Reconnaissance pour le peuple grec, exprimée avec différentes nuances par les trois leaders religieux : dans un moment de grande difficulté à cause de la grave crise économique, les gens réussissent à trouver les ressources pour ouvrir les bras et le cœur à celui qui est en fuite vers un futur ; il en est ainsi des nombreux volontaires qui sont venus de tous les coins d’Europe et du monde. Pauline, originaire de l’Afrique du Sud, de la communauté des Focolari, vit depuis des années entre Athènes et Lesbos. Plus d’une fois, elle a assisté aux débarquements et a secouru les réfugiés : « Le Pape a donné aussi un message politique à propos de l’ouverture des frontières. Je me demande pourquoi il n’est pas allé à Idomeni. Peut-être cela aurait-il été un geste politique trop explicite ». Chiara, de l’association Pape Jean XXIII : « Il a dit ce que je sens depuis longtemps : arrêtons de classifier ces gens seulement comme ‘réfugiés’, comme des numéros. C’est l’heure des contacts personnels, de connaître les histoires » ; tandis qu’ Eugenio, du Corps Italien de Secours de l’Ordre de Malte, déclare : « J’ai été ému lorsqu’il a parlé des enfants morts dans la mer, parce que j’ai moi-même vu ces scènes. J’ai pu lui serrer la main et j’ai reçu de la force pour mon travail ». Cristina est catholique et ses grands-parents ont fui comme réfugiés, de la Turquie à Losbos : « Cela a été un événement historique, impensable pour cette ile. Cela me semble être un rêve ».
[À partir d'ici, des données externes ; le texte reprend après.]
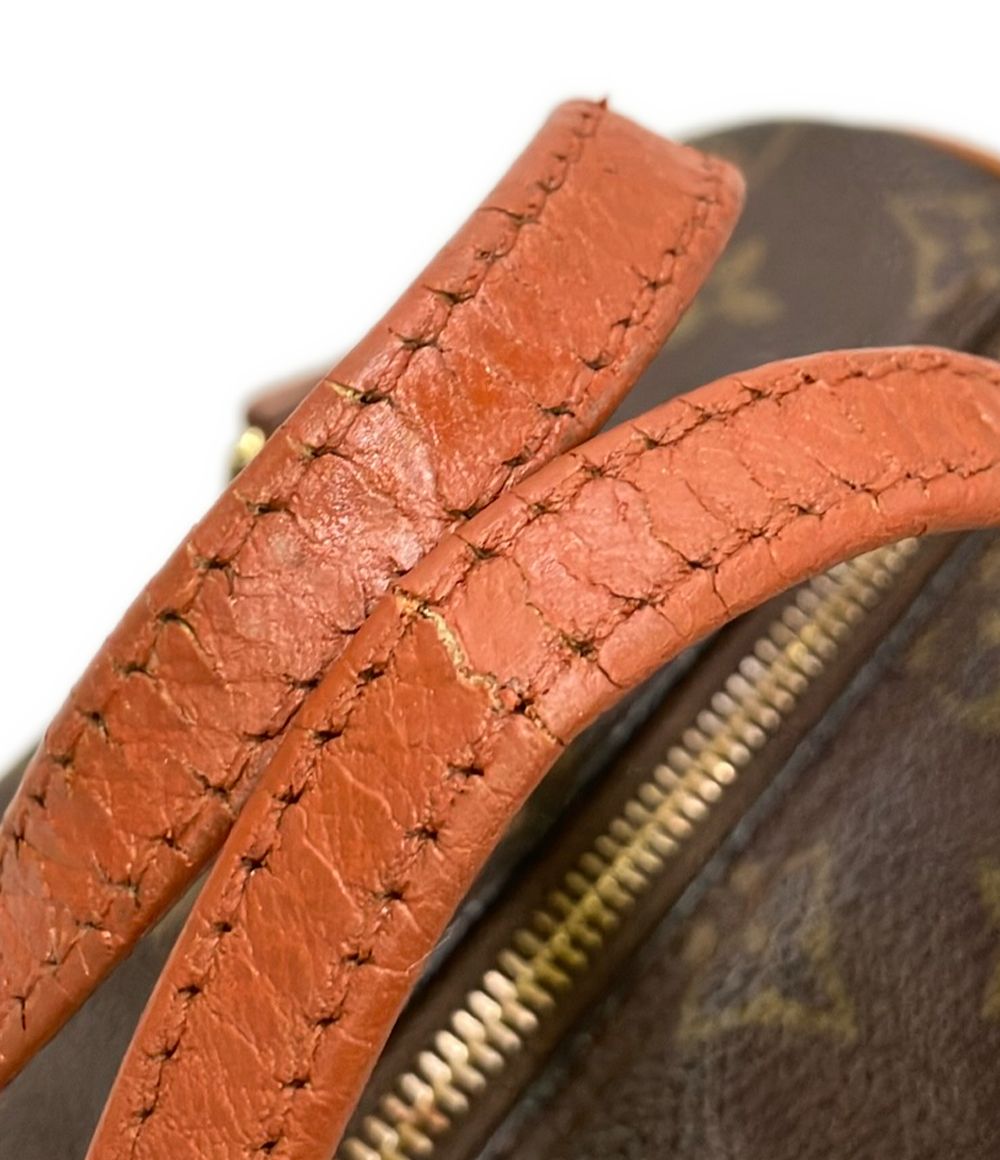 Louis Vuitton Handbag Monogram — view 8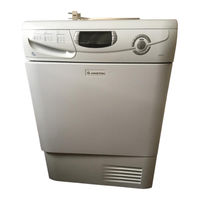 Ariston ASD70CX Folleto De Instrucciones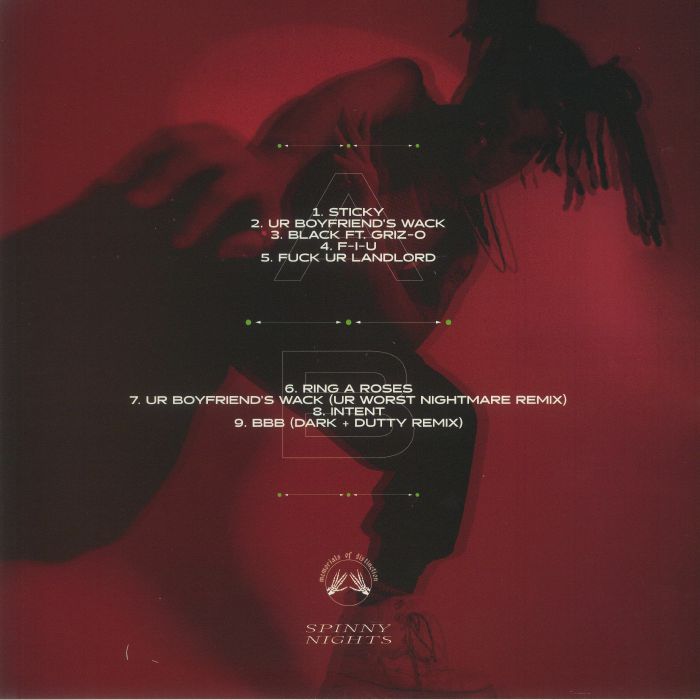 GROVE - Queer & Black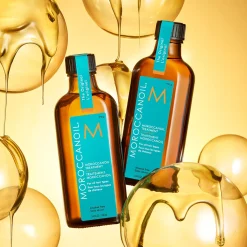 Traitement Moroccanoil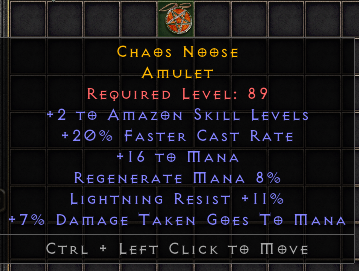 Chaos Neose[ID:1668415436]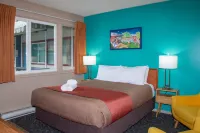 Bowmont Motel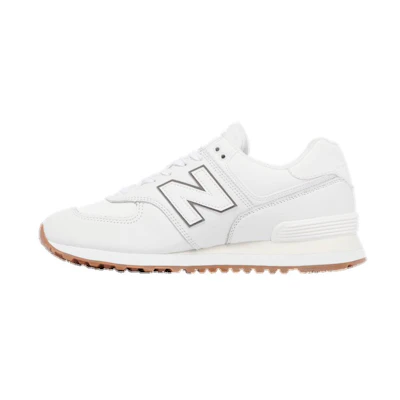 NB 574 'White Gum'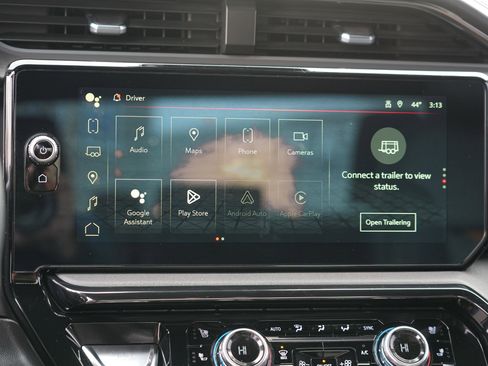 Used 2023 GMC Sierra 1500 AT4 w/ Technology Package image 25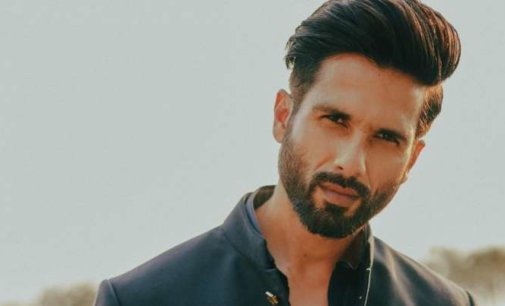 IIFA 2022: Shahid Kapoor unveils stylish looks in Instagram post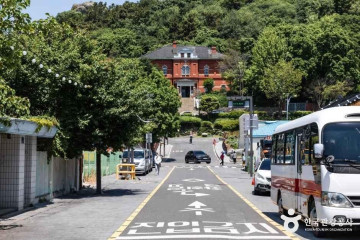 목포 경동성당 여행 추천 - 메고지고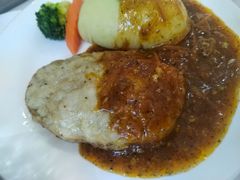 -库滋明·俄罗斯特色美食(中央大街店)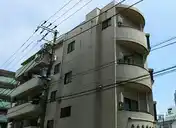 スカイコート横浜大口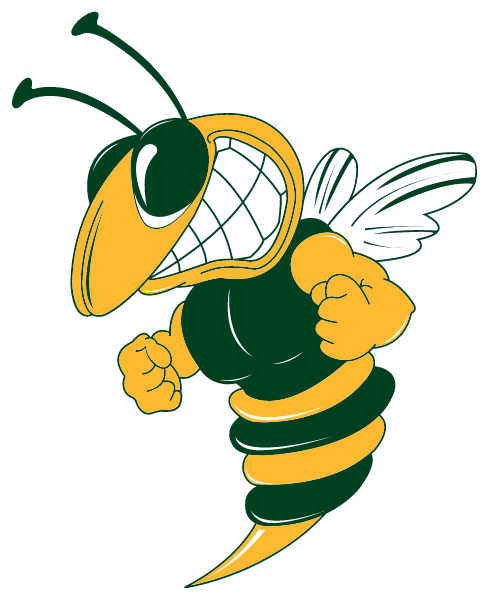 Rayville Junior High School Logo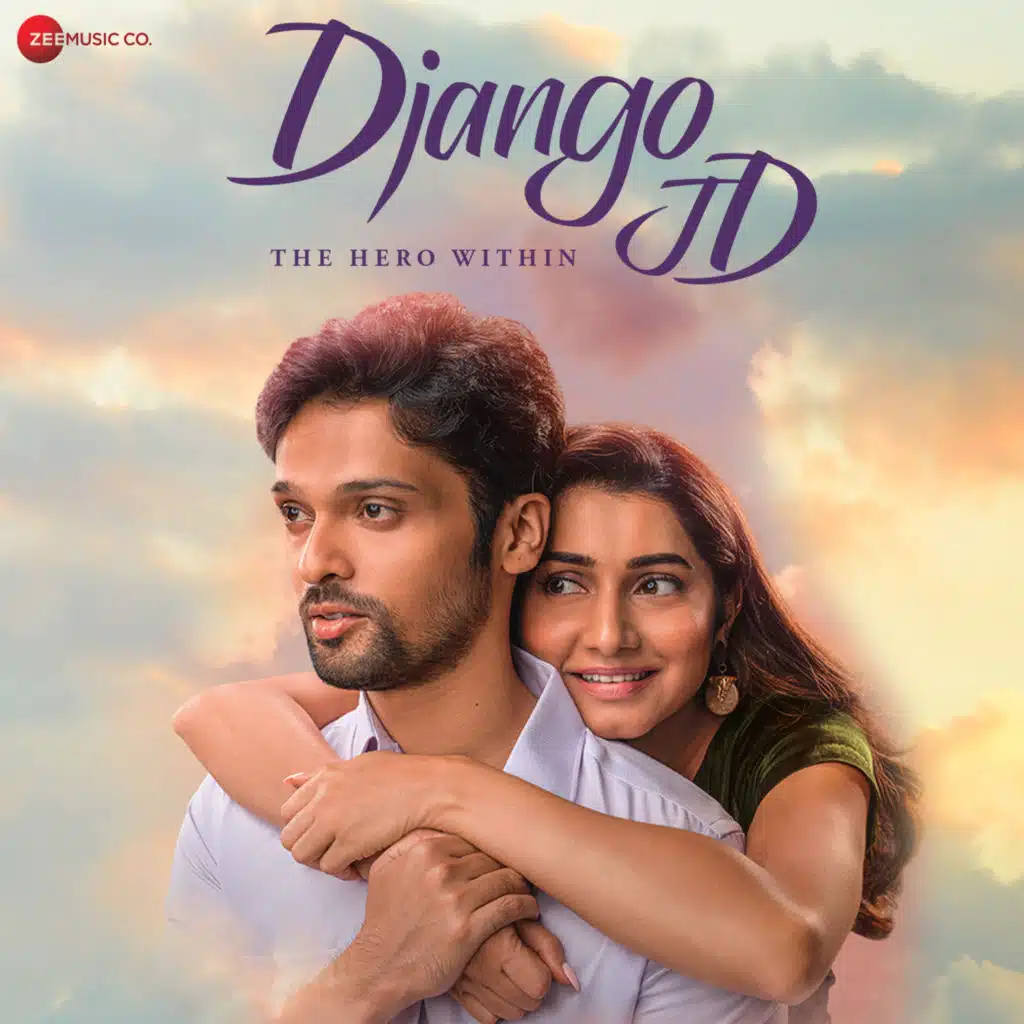 Django JD (Original Motion Picture Soundtrack)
Le Père Maurice, coordinateur du JRS (Jesuit Refugee Service) en Grèce, déclare : « Tout a été important : les paroles, les gestes, le silence. Tout parlait de soi. Le moment le plus fort, dans les ”carcere (prisons)” : le contact personnel du Pape avec chacun ». « Un message commun a été envoyé aux réfugiés – affirme encore le religieux, engagé en première ligne pour l’accueil – Ils sont en majorité d’origine ou de foi musulmane. Ils découvrent une terre dont les racines sont chrétiennes. Il est donc important qu’ils voient l’unité des leaders chrétiens et le rapprochement que ceux-ci désirent leur témoigner ». « Émouvant. C’est très important du point de vue œcuménique et politique, pour la rencontre avec le premier ministre, Alexis Tsipras », commente Vasileios Meichanetsidis, de Apostoli, une ong de l’Église orthodoxe. « Le Pape a reconnu tout ce que les Grecs ont fait, et les Grecs l’ont accueilli avec joie ».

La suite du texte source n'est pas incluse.